I say that now. But last night I came home from three hours of Bruce Forman and gave acerbic, misanthropic responses for which I am truly ashamed. I said that God hated that arrogant book reading motherfucker…He does that, for no reason. And then later I said that it was the guy’s fault for pissing off God in the first place. I told another lady that if she stood on her head and coughed it would get her high. There were more, too, on Facebook, on Twitter, in email. In my blog. I was making vicious fun of everything. I felt possessed by Ambrose Bierce. Had I lived near the beach I would have slipped an insulting note into a bottle and tossed it into the sea. My wife finally bopped me on the head and told me to cool it. This is what happens when you hang around jazz musicians. My mama done told me.

Of course, this mea culpa itself might be yet a further extension of cynical misanthropism. A nightmarish gyre of irony. I’m a writer, and embittered old jazz critic and we get like that. It’s all those solos. They screw up the head. I was a nice guy when I did my thesis on Peter, Paul and Mary. Oh well. But that anyone who does read Critique of Pure Reason is asking for it, you Kant deny.

I’ve never read Critique of Pure Reason. For one thing I was not smart enough. One paragraph in and I knew that. For another thing, I had a life. You can spend years on a tome like that, and by the time you finish you’d have none of your old friends left, though some very irritating new ones. And I was gonna say you can’t get laid reading Critique of Pure Reason but actually that is not true. I discussed this in a previous essay. Had I known the truth, I would have changed majors. But what, then, is Truth? The truth is I dropped out of college, joined a punk rock band and got laid instantly. I was the drummer, and came out on stage that first gig and warmed up using logs for sticks. That’s all it took. That’s the Truth. Epistemology didn’t even come into it. And while I know the jazz musicians among you won’t understand the logs thing, this was the late seventies.

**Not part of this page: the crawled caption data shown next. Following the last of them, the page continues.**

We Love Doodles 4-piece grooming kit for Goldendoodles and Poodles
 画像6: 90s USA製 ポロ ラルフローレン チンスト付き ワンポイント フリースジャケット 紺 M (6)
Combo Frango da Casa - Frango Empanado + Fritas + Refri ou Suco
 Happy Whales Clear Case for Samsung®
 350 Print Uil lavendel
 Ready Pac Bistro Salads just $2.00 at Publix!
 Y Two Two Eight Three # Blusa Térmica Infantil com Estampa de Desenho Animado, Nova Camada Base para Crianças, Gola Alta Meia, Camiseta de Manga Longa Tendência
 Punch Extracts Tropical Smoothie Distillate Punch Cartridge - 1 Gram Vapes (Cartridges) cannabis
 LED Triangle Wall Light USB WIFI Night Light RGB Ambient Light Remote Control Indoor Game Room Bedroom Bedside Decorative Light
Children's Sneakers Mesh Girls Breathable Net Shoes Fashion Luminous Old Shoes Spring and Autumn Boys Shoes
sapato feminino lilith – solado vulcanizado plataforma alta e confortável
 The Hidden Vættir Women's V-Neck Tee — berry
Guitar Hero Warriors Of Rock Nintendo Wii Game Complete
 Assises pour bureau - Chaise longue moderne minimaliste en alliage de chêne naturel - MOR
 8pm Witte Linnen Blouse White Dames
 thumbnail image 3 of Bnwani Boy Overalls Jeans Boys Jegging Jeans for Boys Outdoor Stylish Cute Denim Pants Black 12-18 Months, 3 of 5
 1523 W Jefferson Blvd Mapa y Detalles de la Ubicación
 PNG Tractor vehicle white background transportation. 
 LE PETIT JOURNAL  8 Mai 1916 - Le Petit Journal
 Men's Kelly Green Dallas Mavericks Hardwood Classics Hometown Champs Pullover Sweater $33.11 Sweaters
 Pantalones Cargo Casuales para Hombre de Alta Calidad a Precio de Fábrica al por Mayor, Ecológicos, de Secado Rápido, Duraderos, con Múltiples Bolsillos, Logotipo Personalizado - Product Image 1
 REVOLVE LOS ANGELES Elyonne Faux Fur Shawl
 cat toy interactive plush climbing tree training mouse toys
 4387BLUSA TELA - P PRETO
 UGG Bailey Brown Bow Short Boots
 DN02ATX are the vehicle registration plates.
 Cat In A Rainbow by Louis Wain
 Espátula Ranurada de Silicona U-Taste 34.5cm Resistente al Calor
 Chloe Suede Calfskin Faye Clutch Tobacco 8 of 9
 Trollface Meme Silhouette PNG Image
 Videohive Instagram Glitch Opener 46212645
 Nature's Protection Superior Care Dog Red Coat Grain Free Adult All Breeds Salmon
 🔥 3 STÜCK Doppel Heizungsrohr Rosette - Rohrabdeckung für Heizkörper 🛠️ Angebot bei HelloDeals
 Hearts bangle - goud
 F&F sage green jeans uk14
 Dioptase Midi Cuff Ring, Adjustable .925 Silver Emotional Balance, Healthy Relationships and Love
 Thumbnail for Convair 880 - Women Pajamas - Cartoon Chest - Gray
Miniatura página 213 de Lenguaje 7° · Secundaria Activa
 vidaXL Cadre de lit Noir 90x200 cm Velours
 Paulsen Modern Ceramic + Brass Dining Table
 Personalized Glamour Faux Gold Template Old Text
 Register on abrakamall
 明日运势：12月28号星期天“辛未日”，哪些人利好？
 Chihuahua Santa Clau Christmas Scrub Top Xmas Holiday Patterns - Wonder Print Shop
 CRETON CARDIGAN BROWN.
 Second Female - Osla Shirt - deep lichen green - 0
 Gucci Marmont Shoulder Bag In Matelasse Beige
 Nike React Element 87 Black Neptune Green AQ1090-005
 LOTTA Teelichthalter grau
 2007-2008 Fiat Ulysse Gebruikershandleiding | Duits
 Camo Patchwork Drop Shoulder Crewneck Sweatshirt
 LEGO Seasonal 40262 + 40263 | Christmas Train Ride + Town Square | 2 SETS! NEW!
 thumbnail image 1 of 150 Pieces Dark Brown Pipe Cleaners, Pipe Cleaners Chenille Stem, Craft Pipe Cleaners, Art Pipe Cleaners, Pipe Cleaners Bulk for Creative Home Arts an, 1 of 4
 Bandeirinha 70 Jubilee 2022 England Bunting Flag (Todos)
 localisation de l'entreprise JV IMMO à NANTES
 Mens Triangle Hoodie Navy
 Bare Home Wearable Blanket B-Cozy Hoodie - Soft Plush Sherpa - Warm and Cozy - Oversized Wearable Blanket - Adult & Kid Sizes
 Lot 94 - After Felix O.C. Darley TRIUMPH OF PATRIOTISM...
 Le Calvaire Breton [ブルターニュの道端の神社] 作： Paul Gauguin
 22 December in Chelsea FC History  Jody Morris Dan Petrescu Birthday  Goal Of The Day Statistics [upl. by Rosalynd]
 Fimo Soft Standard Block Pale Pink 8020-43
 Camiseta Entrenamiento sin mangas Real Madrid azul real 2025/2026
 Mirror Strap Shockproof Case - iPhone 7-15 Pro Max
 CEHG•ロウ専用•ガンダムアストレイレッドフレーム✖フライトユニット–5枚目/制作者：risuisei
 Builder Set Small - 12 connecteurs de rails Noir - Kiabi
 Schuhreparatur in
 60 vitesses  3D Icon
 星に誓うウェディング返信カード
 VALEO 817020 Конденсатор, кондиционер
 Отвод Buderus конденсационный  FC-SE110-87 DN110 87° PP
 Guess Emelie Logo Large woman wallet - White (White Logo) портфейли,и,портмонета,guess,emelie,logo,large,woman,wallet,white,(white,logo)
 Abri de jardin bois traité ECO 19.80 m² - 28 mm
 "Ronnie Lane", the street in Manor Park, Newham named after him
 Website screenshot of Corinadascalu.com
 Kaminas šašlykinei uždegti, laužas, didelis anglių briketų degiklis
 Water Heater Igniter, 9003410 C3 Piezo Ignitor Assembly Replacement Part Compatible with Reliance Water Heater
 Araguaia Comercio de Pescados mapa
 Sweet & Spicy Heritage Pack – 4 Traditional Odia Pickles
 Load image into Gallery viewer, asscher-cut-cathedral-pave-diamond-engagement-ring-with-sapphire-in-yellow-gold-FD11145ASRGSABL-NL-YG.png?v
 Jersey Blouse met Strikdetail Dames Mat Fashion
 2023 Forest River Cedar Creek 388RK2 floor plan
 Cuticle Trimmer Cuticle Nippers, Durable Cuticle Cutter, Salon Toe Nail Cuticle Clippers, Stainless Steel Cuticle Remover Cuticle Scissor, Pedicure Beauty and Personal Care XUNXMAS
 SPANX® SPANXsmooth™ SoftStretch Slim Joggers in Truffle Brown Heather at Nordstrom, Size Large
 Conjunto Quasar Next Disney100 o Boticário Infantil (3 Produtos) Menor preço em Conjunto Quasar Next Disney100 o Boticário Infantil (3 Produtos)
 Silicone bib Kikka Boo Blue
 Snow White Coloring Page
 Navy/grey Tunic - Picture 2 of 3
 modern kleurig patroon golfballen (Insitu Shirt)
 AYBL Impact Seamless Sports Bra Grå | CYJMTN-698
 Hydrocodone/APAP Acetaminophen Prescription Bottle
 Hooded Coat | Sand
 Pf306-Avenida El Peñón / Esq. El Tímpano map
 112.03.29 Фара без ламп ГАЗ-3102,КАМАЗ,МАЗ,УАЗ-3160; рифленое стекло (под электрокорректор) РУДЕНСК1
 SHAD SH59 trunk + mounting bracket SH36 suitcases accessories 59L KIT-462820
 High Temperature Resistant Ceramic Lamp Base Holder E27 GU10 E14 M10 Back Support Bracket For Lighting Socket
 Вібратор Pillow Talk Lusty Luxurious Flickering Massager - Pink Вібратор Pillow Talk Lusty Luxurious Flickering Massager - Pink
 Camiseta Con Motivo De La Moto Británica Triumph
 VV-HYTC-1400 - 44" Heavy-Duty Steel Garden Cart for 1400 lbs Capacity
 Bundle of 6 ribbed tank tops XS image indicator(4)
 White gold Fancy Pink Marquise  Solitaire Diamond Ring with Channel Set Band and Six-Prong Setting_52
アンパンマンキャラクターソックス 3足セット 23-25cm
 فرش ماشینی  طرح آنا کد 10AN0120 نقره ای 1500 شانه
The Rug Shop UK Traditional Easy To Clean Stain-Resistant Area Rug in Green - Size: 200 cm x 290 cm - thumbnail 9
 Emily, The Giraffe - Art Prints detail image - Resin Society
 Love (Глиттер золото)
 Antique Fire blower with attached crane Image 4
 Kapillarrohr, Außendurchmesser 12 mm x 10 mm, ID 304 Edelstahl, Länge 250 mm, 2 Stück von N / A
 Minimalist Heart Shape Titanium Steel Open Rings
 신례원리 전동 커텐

Two words: “Disco Monk”. And that was Sonny Rollins. Logs for drumsticks, Disco Monk, thrift stores full of abandoned pet rocks. It was an ugly time.

OK. Daylight Savings Time is over and I’m thoroughly confused. To make it worse I saved up the last twenty years of Daylights Savings Time and used it all at once so now it’s sometime next Tuesday. You don’t fuck with the calendar. I wish someone had told me.

Halloween tunes

(Halloween, 2013)

I used to spin music for the trick or treaters. The Residents, Throbbing Gristle, Velvet Underground, Pere Ubu, Himalayan chants and horn bellowing, voodoo drums, stuff like that. Coltrane’s Meditations, even, which for the uninitiated can be a little unnerving…. Kids would say that is scary music, mister!  Crazy! They got extra candy. Some kids started up the walk sassing and I turned up Throbbing Gristle and they fled. Ha!  Then as the Residents demented take on Satisfaction blasted from the speakers I looked out the door and there was the cutest little thing you ever saw in a Tigger costume. She clung to her mother too terrified to come to the door.  Her  mom looked at me. Your music scared her, she said. Scared her to death. I said I’m sorry. She said well I guess that’s what you’re trying to do and walked off into the night, soothing the little thing with mommy talk.

Wow. I had terrified a two years old with the Residents. That was not supposed to happen. You’re not supposed to make tykes in Tigger costumes cry. It’s just wrong, Halloween or not. I took off the Residents, and put Hamburger Lady away. Played something less scary. Couldn’t tell you what. And here I am still feeling like a creep about the whole thing twenty five years later. Trick or Treat indeed.